Processor 102 interacts with accelerometer 136, which may be
utilized to detect direction of gravitational forces or
gravity-induced reaction forces.
[0019] To identify a subscriber for network access, portable
electronic device 100 uses a Subscriber Identity Module or a
Removable User Identity Module (SIM/RUIM) card 138 for
communication with a network, such as wireless network 150.
Alternatively, user identification information may be programmed
into memory 110.
[0020] Portable electronic device 100 includes operating system 146
and software programs or components 148 that are executed by the
processor 102 and may be stored in a persistent, updatable store
such as memory 110. Additional applications or programs are loaded
onto portable electronic device 100 through the wireless network
150, auxiliary I/O subsystem 124, data port 126, short-range
communications subsystem 132, or any other suitable subsystem
134.
[0021] A received signal such as a text message, an e-mail message,
or web page download is processed by communication subsystem 104
and input to processor 102. Processor 102 processes the received
signal for output to display 112 and/or to auxiliary I/O subsystem
124. A subscriber may generate data items, for example e-mail or
text messages, which may be transmitted over wireless network 150
through communication subsystem 104. For voice communications, the
overall operation of the portable electronic device 100 is similar.
Speaker 128 outputs audible information converted from electrical
signals, and microphone 130 converts audible information into
electrical signals for processing.
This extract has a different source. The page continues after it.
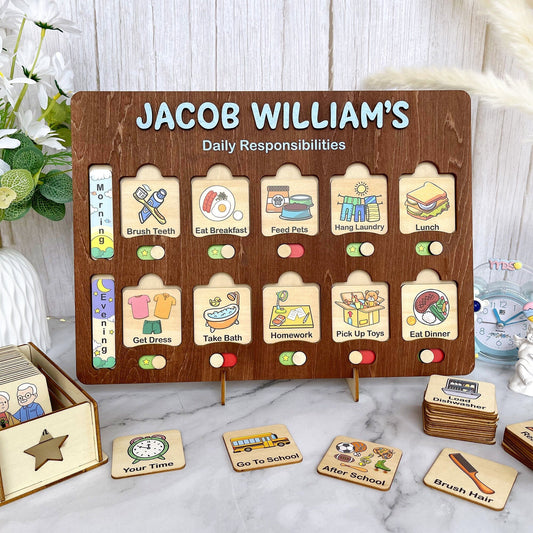 Personalized Kids Chore Chart: Daily Routine Checklist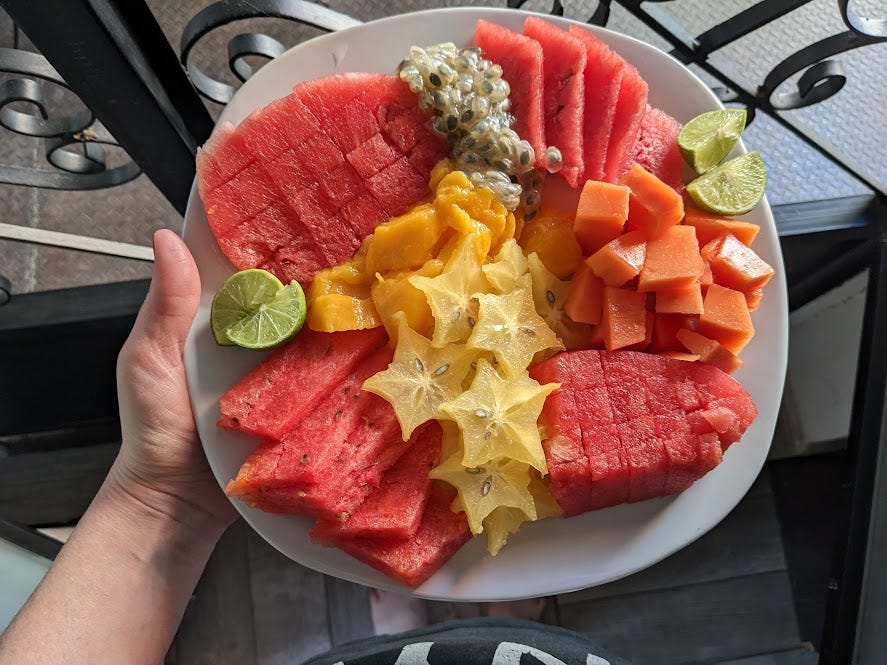 colorful fruit plate in mexico by jules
Speaker 128, display 112, and
data port 126 are considered output apparatus of device 100.
[0022] A touch-sensitive display 112 may be any suitable
touch-sensitive display, such as a capacitive, resistive, infrared,
surface acoustic wave (SAW) touch-sensitive display, strain gauge,
optical imaging, dispersive signal technology, acoustic pulse
recognition, and so forth, as known in the art. A capacitive
touch-sensitive display includes capacitive touch-sensitive overlay
114. Overlay 114 is an assembly of multiple layers in a stack
including, for example, a substrate, a ground shield layer, a
barrier layer, one or more capacitive touch sensor layers separated
by a substrate or other barrier, and a cover. The capacitive touch
sensor layers are any suitable material, such as patterned indium
tin oxide (ITO).
[0023] One or more touches, also known as touch contacts, touch
events, or actuations, are detected by touch-sensitive display 112.
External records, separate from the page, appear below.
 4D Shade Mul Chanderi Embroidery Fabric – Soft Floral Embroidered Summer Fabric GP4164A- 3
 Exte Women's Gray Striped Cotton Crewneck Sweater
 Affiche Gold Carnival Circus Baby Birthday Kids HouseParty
The processor 102 or controller 116 determines attributes of the
touch, including a location of a touch. Touch location data
includes an area of contact or a single point of contact, such as a
point at or near a center of the area of contact. The location of a
detected touch may include x and y components, e.g., horizontal and
vertical components, respectively, with respect to one's view of
touch-sensitive display 112. For example, the x location component
may be determined by a signal generated from one touch sensor, and
the y location component may be determined by a signal generated
from another touch sensor. A signal may be provided to controller
116 in response to detection of a touch. A touch may be detected
from any suitable object, such as a finger, thumb, appendage, or
other items, for example, a stylus, pen, or other pointer,
depending on the nature of touch-sensitive display 112. Multiple
simultaneous touches or gestures are also detected. These multiple
simultaneous touches may be considered chording events.
[0024] In some example embodiments, one or more actuators 120 may
be depressed by applying sufficient force to the touch-sensitive
display 112 to overcome the actuation force of the actuator 120.
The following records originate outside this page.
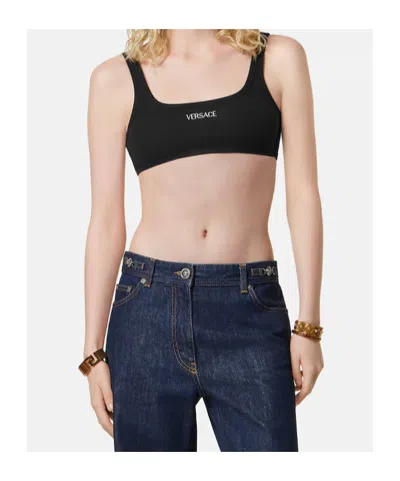 Versace Embroidered-logo Top In Black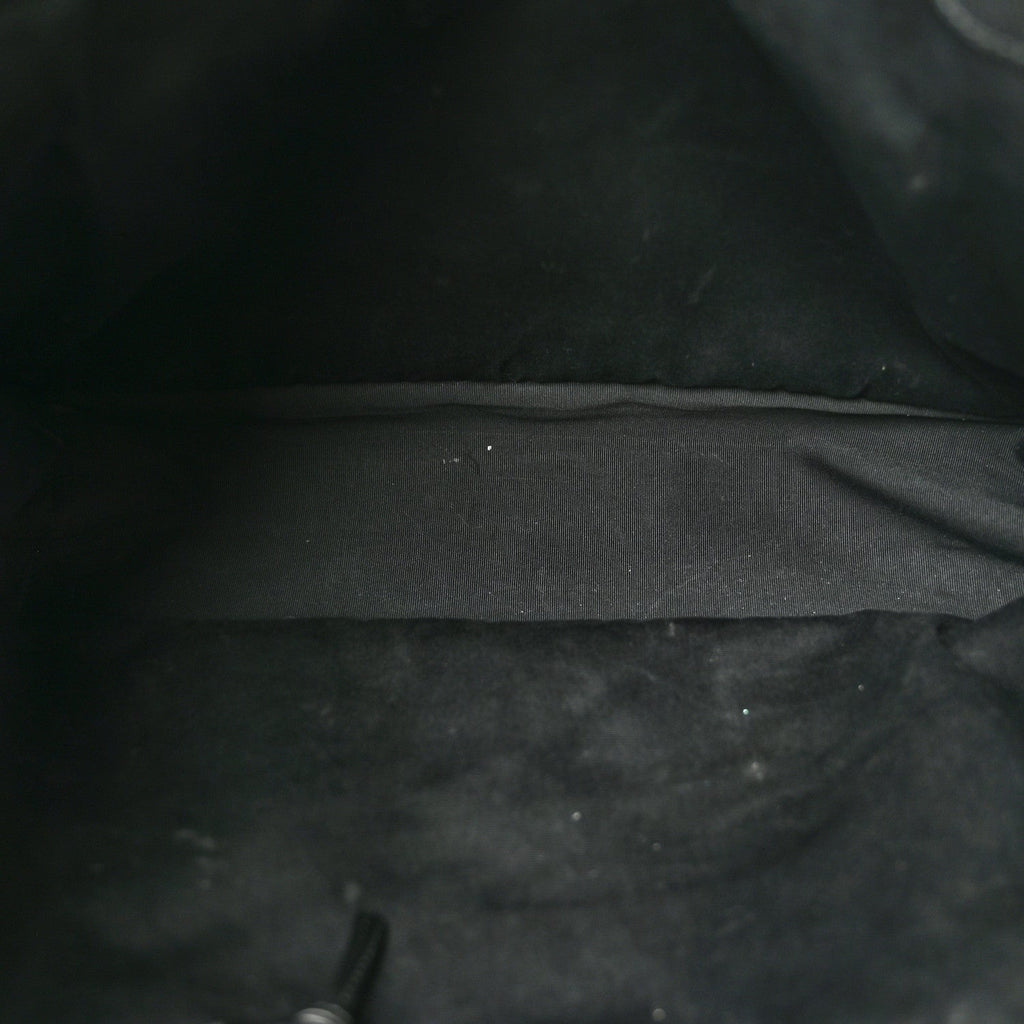 Raffia Linen Calfskin Small Rive Gauche Tote Black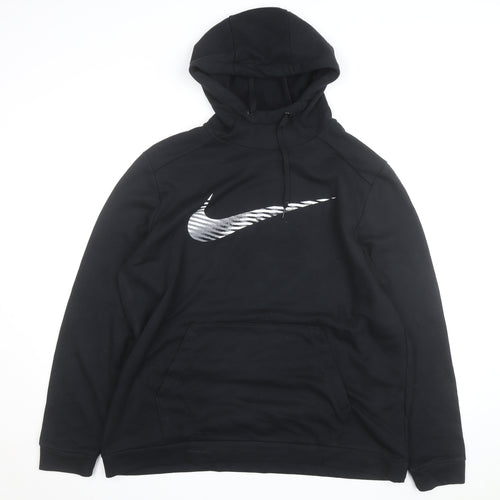 Nike Men's Black XL Dri-FIT Pullover Hoodie with Logo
Actuator 120 is actuated by pressing anywhere on touch-sensitive
display 112. Actuator 120 provides input to the processor 102 when
actuated. Actuation of the actuator 120 results in provision of
tactile feedback.
[0025] In certain embodiments, a mechanical dome switch may be
utilized as one or more of actuators 120. In this example, tactile
feedback is provided when the dome collapses due to imparted force
and when the dome returns to the rest position after release of the
switch.
[0026] Alternatively, actuator 120 may comprise one or more
piezoelectric (piezo) devices that provide tactile feedback for the
touch-sensitive display 112. Contraction of the piezo actuators
applies a spring-like force, for example, opposing a force
externally applied to the touch-sensitive display 112. Each piezo
actuator includes a piezoelectric device, such as a piezoelectric
(PZT) ceramic disk adhered to a metal substrate. The metal
substrate bends when the PZT disk contracts due to build up of
charge at the PZT disk or in response to a force, such as an
external force applied to touch-sensitive display 112. The charge
may be adjusted by varying the applied voltage or current, thereby
controlling the force applied by the piezo disks. The charge on the
piezo actuator may be removed by a controlled discharge current
that causes the PZT disk to expand, releasing the force thereby
decreasing the force applied by the piezo disks. The charge may
advantageously be removed over a relatively short period of time to
provide tactile feedback to the user. Absent an external force and
absent a charge on the piezo disk, the piezo disk may be slightly
bent due to a mechanical preload. Actuator 120, touch-sensitive
display 112, force sensor 122, microphone 130, and data port 126
are input apparatuses for device 100.
[0027] A top plan view of portable electronic device 100 is shown
generally in FIG. 2. Example portable electronic device 100
includes housing 200 in which various components as shown in FIG. 1
are disposed. For example, various input apparatuses and output
apparatuses, processor 102, and memory 110 for storing at least
programs 148 are disposed in housing 200. Processor 102 is
responsive to input signals from input apparatuses, such as the
display 112 or actuator 120, and optionally provides output signals
to output apparatuses, such as the display 112 or speaker 128.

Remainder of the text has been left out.